Hopefully we won’t ship with anything like that, but it’s all about that kind of stuff. These great little experiences that the players had, that they did, not what the game did for them is what is super important. I worked for Firaxis for two and a half years and one of Sid Meier’s big things is that the game should never have more fun than the player and that the systems always serve the game. My own personal design philosophy, as well as Big Huge Games’, aligns very closely with that and that was the motivation behind that decision and many more.
GZ: What sort of challenges do you have making an all encompassing RPG for both PC and consoles?
WM: It’s tough – we had two separate SKUs, console and PC, and we knew we wanted to do both of those in-house. They both got a lot of attention. Our art direction is a little more traditional in terms of how the user interface is presented. It’s going to look a lot more like an old school RPG rather than the minimalist user interfaces you see in games today, but that’s because we have a lot of data to show you.
We changed up some things in both SKUS to meet player expectations. You’ll get the same combat and the same content [between different versions], but the way you interact with it will be different. For instance in the PC version the ability bar is mapped to keys just like in an MMO and you can switch the weapons with the mouse wheel; little things like that which PC players expect. Obviously it’s streamlined in a similar way on consoles.

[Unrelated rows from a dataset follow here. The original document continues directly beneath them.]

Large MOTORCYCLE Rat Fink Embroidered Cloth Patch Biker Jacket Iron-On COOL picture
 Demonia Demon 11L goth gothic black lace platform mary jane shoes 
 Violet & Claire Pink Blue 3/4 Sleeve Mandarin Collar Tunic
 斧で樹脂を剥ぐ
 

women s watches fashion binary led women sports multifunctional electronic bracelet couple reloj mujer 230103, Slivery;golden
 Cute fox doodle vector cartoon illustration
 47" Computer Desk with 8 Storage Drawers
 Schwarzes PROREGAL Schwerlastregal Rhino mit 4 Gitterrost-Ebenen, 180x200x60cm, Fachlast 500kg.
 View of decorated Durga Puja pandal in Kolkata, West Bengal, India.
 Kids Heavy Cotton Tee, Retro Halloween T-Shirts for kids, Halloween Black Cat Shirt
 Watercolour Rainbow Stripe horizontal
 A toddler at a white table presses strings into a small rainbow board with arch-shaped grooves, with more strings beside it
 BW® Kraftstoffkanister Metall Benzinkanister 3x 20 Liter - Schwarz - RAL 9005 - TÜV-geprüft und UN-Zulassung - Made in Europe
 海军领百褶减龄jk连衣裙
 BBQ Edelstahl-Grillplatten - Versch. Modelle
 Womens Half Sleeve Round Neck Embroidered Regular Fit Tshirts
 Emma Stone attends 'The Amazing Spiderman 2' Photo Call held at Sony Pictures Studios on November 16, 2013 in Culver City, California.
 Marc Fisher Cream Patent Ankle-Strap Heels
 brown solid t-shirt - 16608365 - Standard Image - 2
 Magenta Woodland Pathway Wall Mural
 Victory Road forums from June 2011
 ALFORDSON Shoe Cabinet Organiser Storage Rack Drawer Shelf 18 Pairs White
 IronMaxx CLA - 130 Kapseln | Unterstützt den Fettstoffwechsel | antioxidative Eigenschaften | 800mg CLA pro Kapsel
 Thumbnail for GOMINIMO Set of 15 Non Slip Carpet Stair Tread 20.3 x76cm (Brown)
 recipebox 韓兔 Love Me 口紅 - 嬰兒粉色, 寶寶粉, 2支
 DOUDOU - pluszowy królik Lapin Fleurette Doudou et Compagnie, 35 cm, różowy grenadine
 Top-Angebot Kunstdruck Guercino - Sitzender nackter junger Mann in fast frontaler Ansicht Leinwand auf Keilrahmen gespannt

GZ: What do you think makes a good quest?
WM: Our narrative designers are all hardcore RPG players, they’ve played all of the games you’d expect them to. They know the kind of quests that get repetitive and stupid, and they know the ones that are really clever. We try to make all of our quests ones that are really clever. Not all of them can be, but there are a lot of really neat situational kinds of things that you can get into. Especially the faction quests where you’re having to make lots of different kinds of decisions including different ways to negotiate situations regarding stealth, persuasion, and all the non-combat stuff.
GZ: How do the factions figure into the game?
WM: You can think of them as tributaries to the main quest. They are a great vehicle to deliver that lore that Salvatore wrote for us and they’re pretty substantial. There’s a lot of meat there, they aren’t just a side-quest that you do. They are a chain of quests that take you geographically a pretty long distance. Lots of dungeons to do, choices to make and at the end of most of them you get what’s called a Twist of Fate which is a perk that, depending on how you played the quest, will apply to you the rest of the game. They’re all good, they’re just different kinds of good. Doing one doesn’t lock off another, so you can do all of the faction quests, even after you’ve beaten the main game we let you keep playing so you can go back and do those if you want to.
GZ: So there isn’t necessarily a new game plus thing?
WM: Systemically the game is exactly the same after you’ve completed the climatic ending to the main quest. After that we kick you back to the start screen and you can just keep playing.
GZ: How many hours worth of gameplay would you say Reckoning offers?
WM: We play the game a lot and it’s really hard to tell. Depending on how you play, if you just run through the main quest and that’s tough because there’s a lot of things that are trying to get your attention, it’s more than enough hours to satisfying an RPG gamer and more than an action gamer would expect. If you play all of it, it’s an open-world RPG, there’s hundreds of hours worth of content. I have yet to see all of it and I work on this game every day! So it’s big!
GZ: Thanks for you time Will!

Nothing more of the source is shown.